WHAT IS EXPECTED: From the line containing "Studies of Two" to the line containing "Good News for Burrowing Owls" in the entries below, reproduce every line exactly, ends included. Nothing else belongs in the copy, and no pictures.

GIVEN RECORDS:
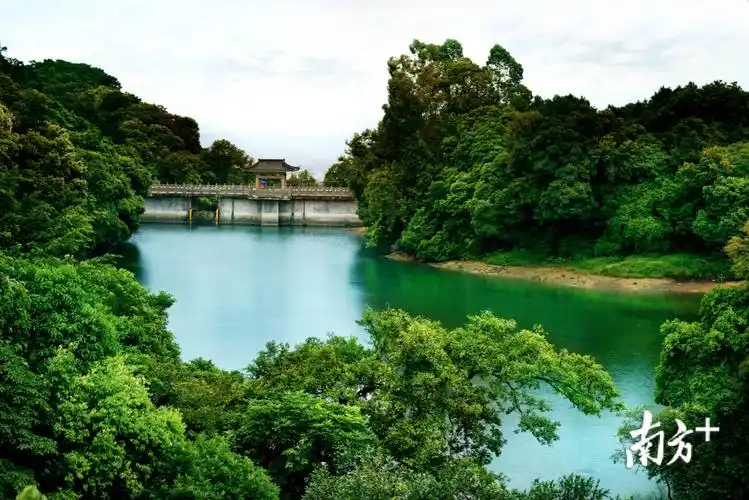 玩转南海第六站来西樵山感受大自然的呼吸聆听千年前的故事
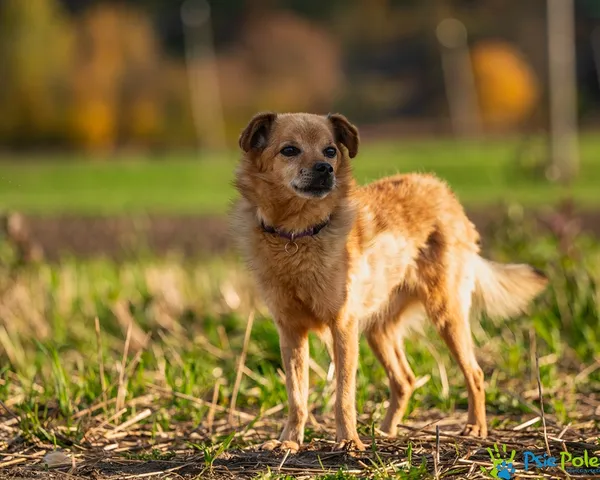 Znaleziono psa, Racławice, 1 grudnia 2024 (1/5)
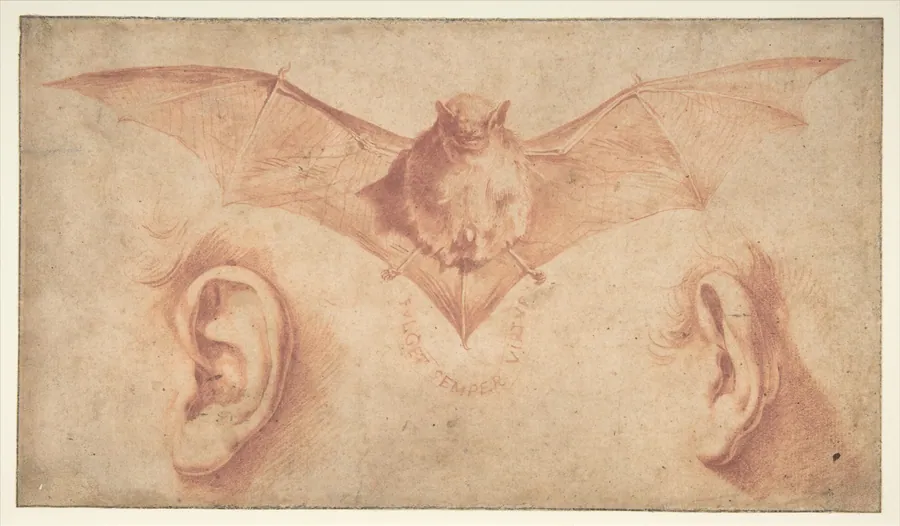 Studies of Two Ears and of a Bat. Below, the motto: FULGET SEMPER VIRTUS by Jusepe de Ribera (called Lo Spagnoletto)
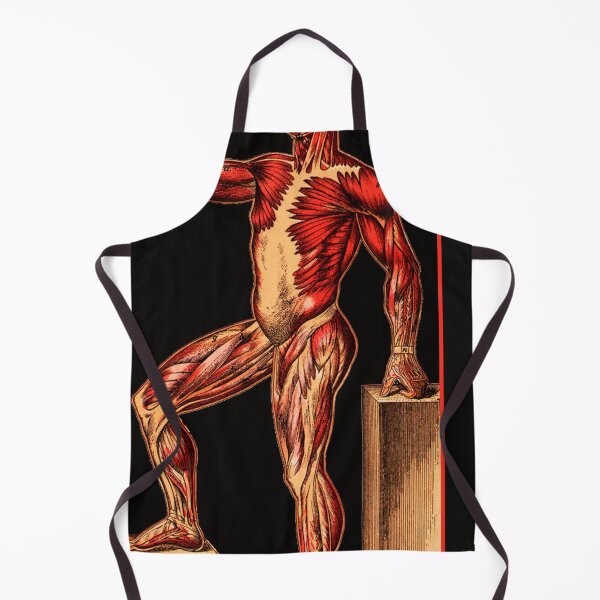 Item preview, Muscle Man from an old Anatomy Chart  designed and sold by Wabojeg.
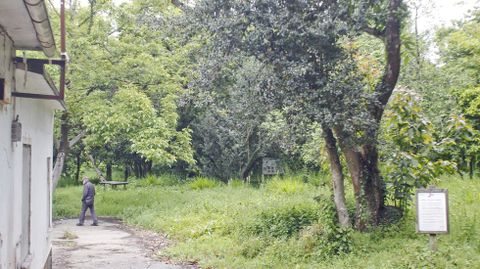 El borrador no consigna fondos para recuperar y abrir el parque botánico del Montón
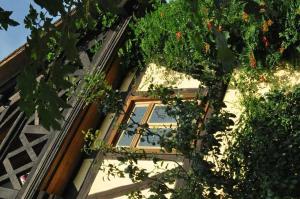 Gästezimmer - Fuhrhalterei Maul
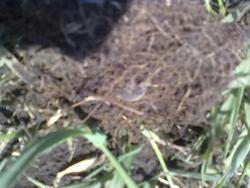 post-11938-0-85157800-1338293325_thumb.j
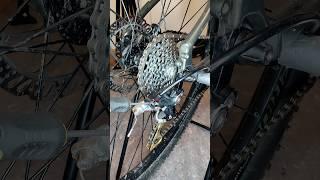 Quick bike gear adjustment #biketips #mtb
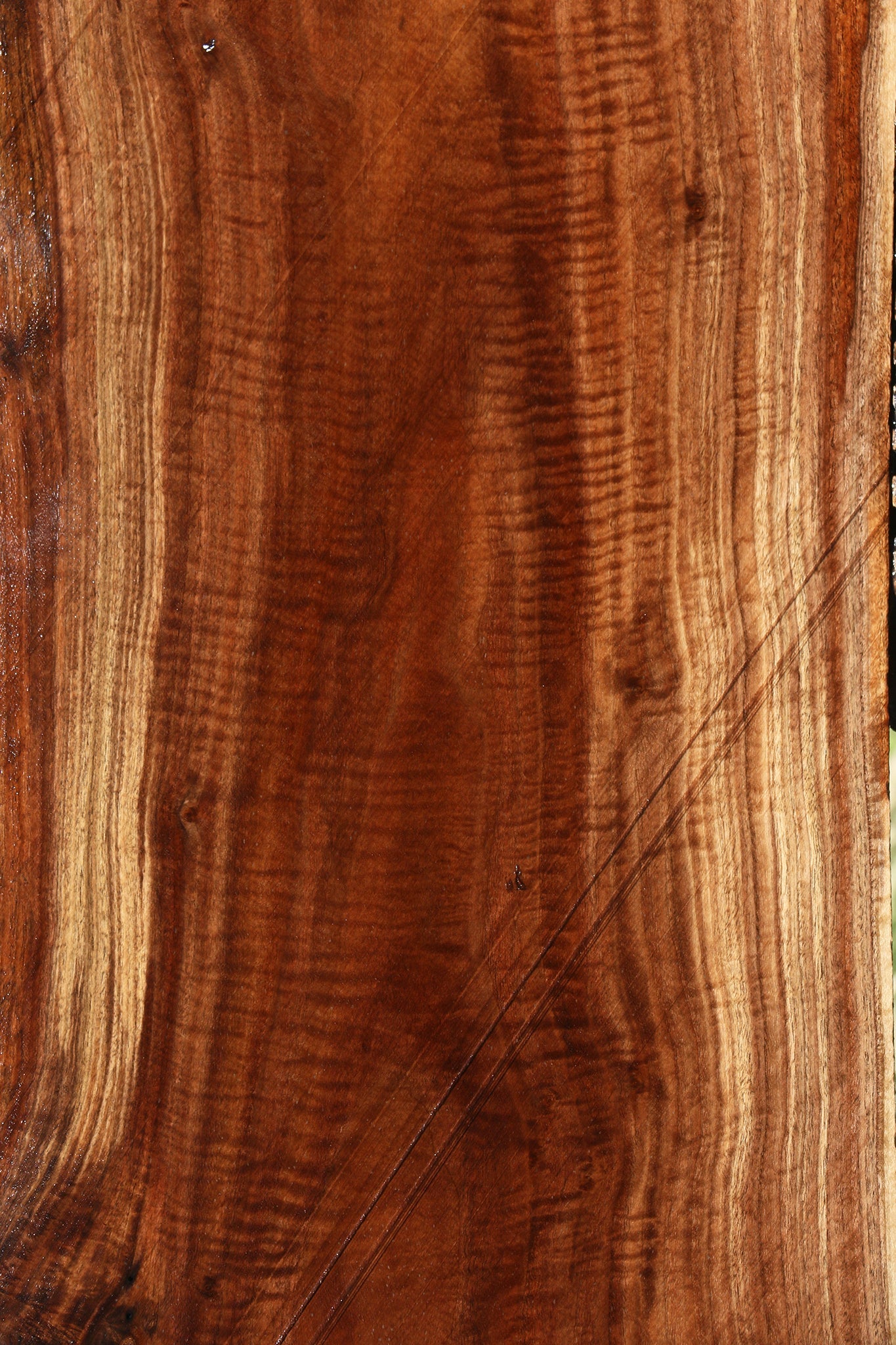 Exhibition Claro Walnut Lumber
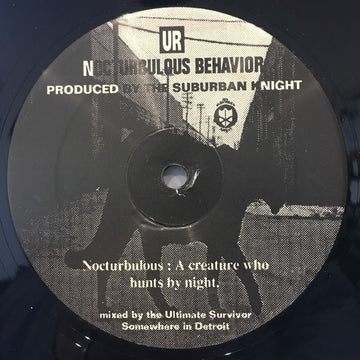 Nocturbulous Behavior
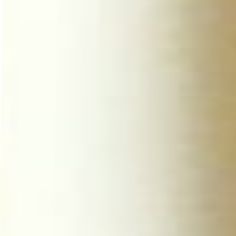 Creme 01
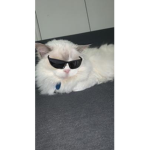 lmknbjhv gcvhihuv h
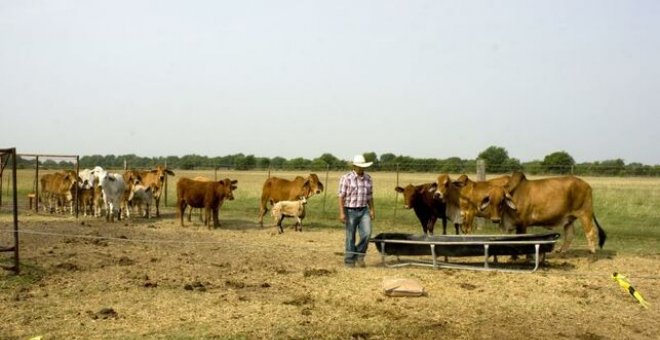 El campo estadounidense, en bancarrota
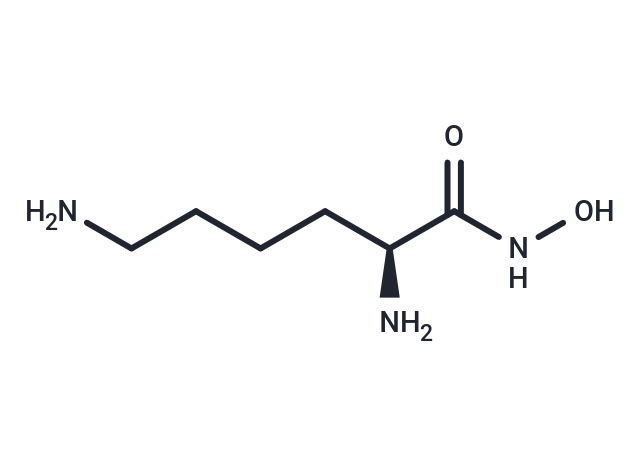 Lysine hydroxamate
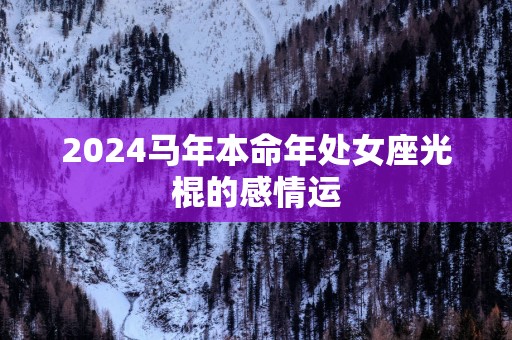 2025马年本命年处女座光棍的感情运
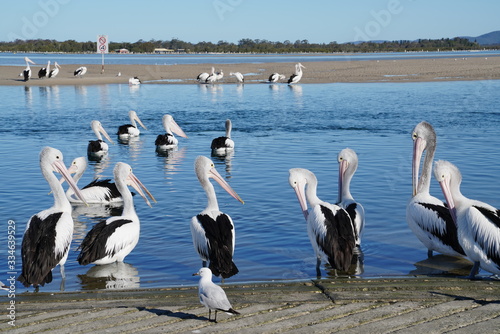 Australian Pelican large waterbird (Pelecanus conspicillatus)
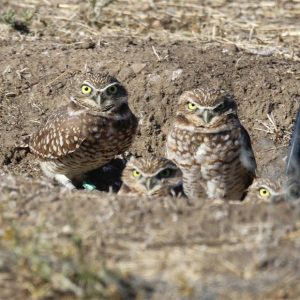 Good News for Burrowing Owls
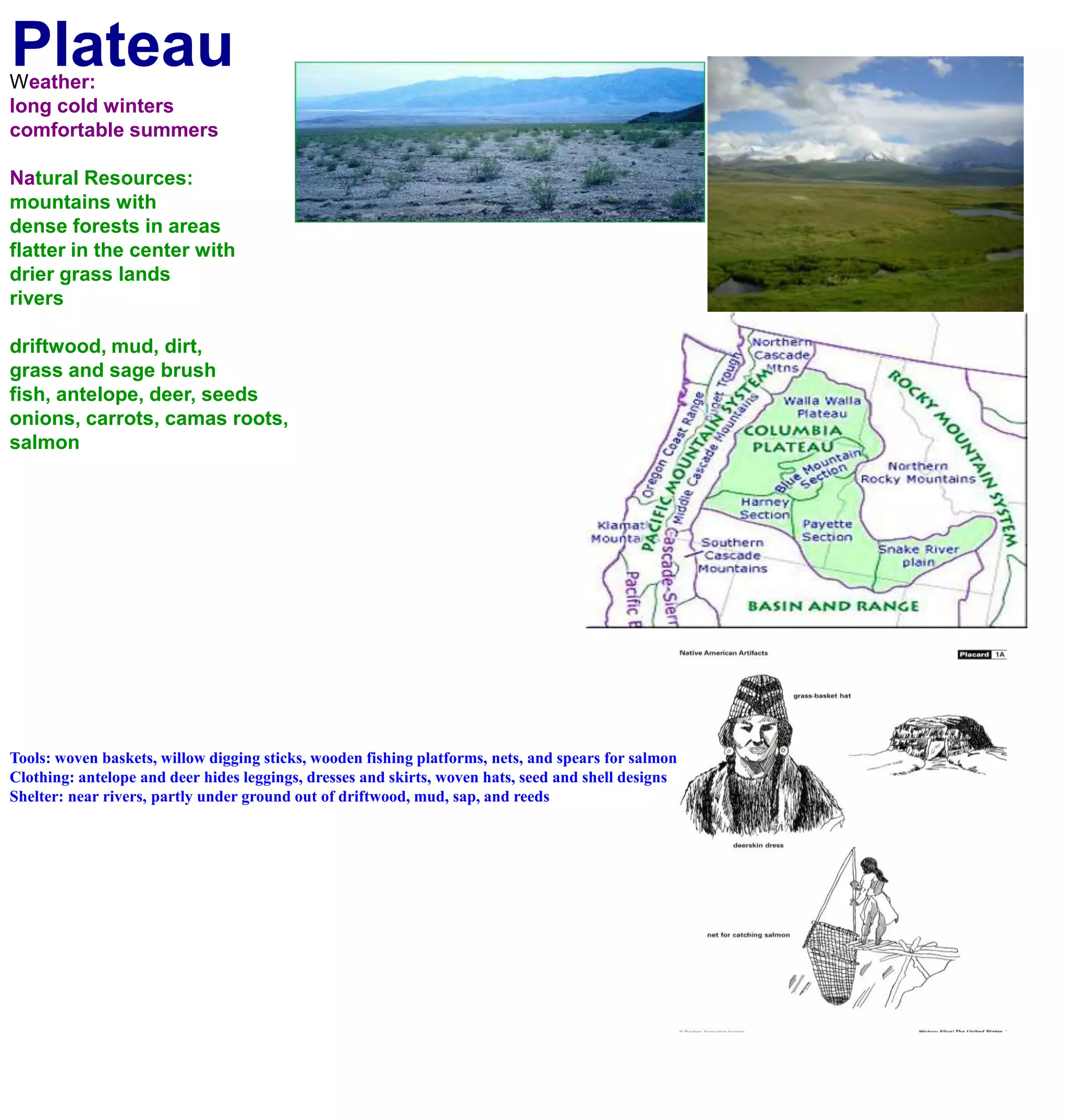 PlateauWeather:long cold winterscomfortable summers Natural Resources:mountains with dense forests in areasflatter in the center with drier grass landsriversdriftwood, mud, dirt,grass and sage brushfish, antelope, deer, seedsonions, carrots, camas roots, salmonTools: woven baskets, willow digging sticks, wooden fishing platforms, nets, and spears for salmonClothing: antelope and deer hides leggings, dresses and skirts, woven hats, seed and shell designsShelter: near rivers, partly under ground out of driftwood, mud, sap, and reeds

FINAL ANSWER:
 Studies of Two Ears and of a Bat. Below, the motto: FULGET SEMPER VIRTUS by Jusepe de Ribera (called Lo Spagnoletto)
 Item preview, Muscle Man from an old Anatomy Chart  designed and sold by Wabojeg.
 El borrador no consigna fondos para recuperar y abrir el parque botánico del Montón
 Gästezimmer - Fuhrhalterei Maul
 post-11938-0-85157800-1338293325_thumb.j
 Quick bike gear adjustment #biketips #mtb
 Exhibition Claro Walnut Lumber
 Nocturbulous Behavior
 Creme 01
 lmknbjhv gcvhihuv h
 El campo estadounidense, en bancarrota
 Lysine hydroxamate
 2025马年本命年处女座光棍的感情运
 Australian Pelican large waterbird (Pelecanus conspicillatus)
 Good News for Burrowing Owls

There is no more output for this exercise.